Kenan evrenin tüm ve mutlak bilgilerine vakıf olacakmışçasına şevkle tezgâhın karşısına sandalye çekti ve izlemeye koyuldu. Basit bir tezgâha denk gelmiş gizemi çözmekten memnun olacak gibi görünüp tebessüm ediyordu. Mutfağın loş sarı ışığı, ortama sepya rengine benzer bir hava katıyordu. Atmosfer, içindekilere nedensizce güçlü kahkahalar attırıp, kahkahanın yoğunluğundan sıkışık, karanlık bir acıyla boğabilirdi. Kenan sıklıkla, altı ay önce aldığı ve altı ay sonra değiştireceği telefondan, oyununu bölüp tezgâhı kontrol ediyordu. Tezgâhta suya dair herhangi bir belirti görmeyince oyundaki yeni rekoru belirlemek adına… Bu durum, yaklaşık iki buçuk saat sürdü ve oyun heyecanıyla gelmiş olabilecek sidik torbası baskısı, Kenan’ın bacaklarını titretmeyi bırakıp da tuvalete gitmesiyle son buld…

“Nası ya? Nası s.kerim ulan nası?”

Kenan’ın bağırtısıyla yatakta dikilen Meli…
“Aşkım noldu?” soruyu sorduğunda sevgilisinin yanına gelmişti.

“İki… Bak iki dakka tuvalete gittim iki bak! O şeye kadar bi s.kim yoktu s.ktimin yerinde! Bak şimdi nası bak… Bak dolmuş suyla t.şak geçer gibi… Ya… T.şak geçer gibi tuvalete falan gitmemi beklemiş. S.ktiminin t.şak mı geçiyo benle ya?” sövgüsünü sürdürürken ağzı kayalarla vuruşan dalgalar gibi köpürüyor, duvarları yıkarcasına yumrukluyordu.

“Aşkım sa… Sakinleş bak. Kenan tamam, bişey yok kendine gel artık saçmalıyosun. Hadi bak, hadi…” Melis avutmaya dair her şeyi sıralamay…
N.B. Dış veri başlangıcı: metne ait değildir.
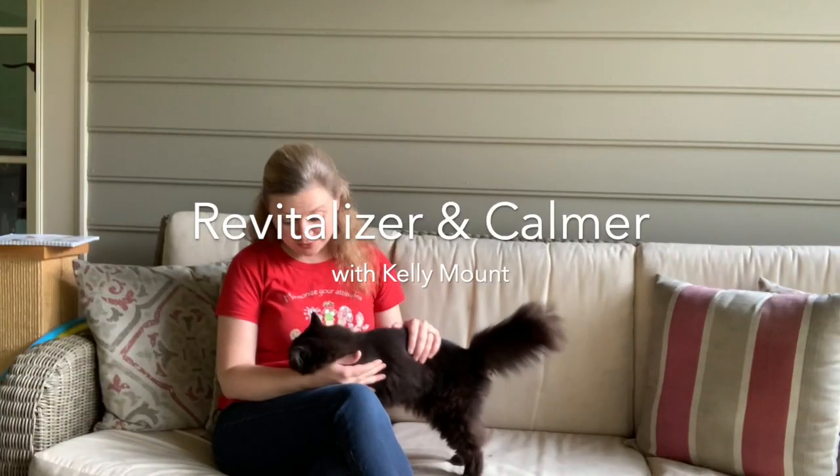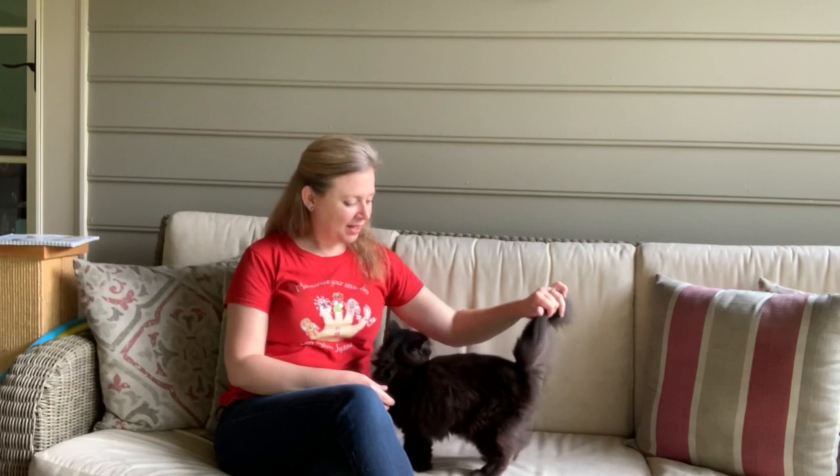So now I'd like to share with you how we apply some of these sequences that we've been talking about today on a cat. And this is my kitty, Lovey. And as you can see, her name is very fitting — she loves to love.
“Sen de sus nolur sus artık! O s.kik suratınla bakmayı da kes! Naptım sana? Mideni mi bulandırıyorum? Mideni bulandıyomuşum gibi bakıp duruyosun sabahtan beri… Ha naptım? Neyimiz eksik, bişey mi var? Bakmayı kes dedim!”

***

“Ay hoşgeldiniz, geçin içerde çıkarabilirsiniz şeyleri…”

“Hoşbulduk Melis, geldi mi diğerleri?”

“Geldi Erdem bi siz kaldınınız yani.” dedi Melis hafif bir tarizle ve Erdem’in yanındaki adama bakarak devam etti:
“Geçin geçin içerde çıkarabilirsiniz. Melis ben bu arada, memnun oldum.”

Kısa bir tanışma ve tanıştırma kısmını takiben…

“Bu arada Kenan baksana, abi sana bi hediye aldık bak bi…”

Kenan kendini yapmacık şaşkınlığa hazırlamışken gerçekten şaşırdı:
“Has.ktir! Bu ne? Çok iyiymiş ya. Bakiyim bi dur ya şuna. Anlamı falan var mı, yoksa öyle esprisine mi?”

“Arabayı aldın da bura İstanbul yani, önce güvenlik. Tabi kullancak duruma düşmezsin umarım.”

“İnşallah… Ama sevdim bayaa yani Erdem çok sağol.” dedi Kenan gülerek ve kısa şakalaşmaların ardından Erdem’in hediyesini portmantonun kenarına koydu. Herkes salona geç… Kısa, gündelik ve basit konuşmalardan sonra Erdeminki ve Melis mutfağa yemek hazırlığını rötuşlamaya gittiler. Melis kısık sesle ona tezgâhtan bahsetti, yine su dolmuştu. Erdem ve Erdem’in arkadaşı adam, Taha’nın kopuk parmaklarına bakıp onu tanıdığını- yarı şaşkınlıkla- belli ediyorlardı. Taha ise, ufakça kafa sallamasıyla “ben de sizi tanıdım” der gibiydi. Melis’in kız arkadaşları telefonlarına gömülmüş, kişisel teşhir araçlarını kontrol ediyorlardı. Mimiksiz, donuk ve şapşal ifadelilerdi. Kızların sinemada- tek taraflı da olsa- tanıştığı içine kapalı, iletişim çabası olmayan, asosyal, yabani, yalnız ve bu yalnızlığını hiçbir zaman romantize etmeyecek adam, yalnız adam; salonda hep duran bir heykelmiş gibi televizyonu açmış, izliyo…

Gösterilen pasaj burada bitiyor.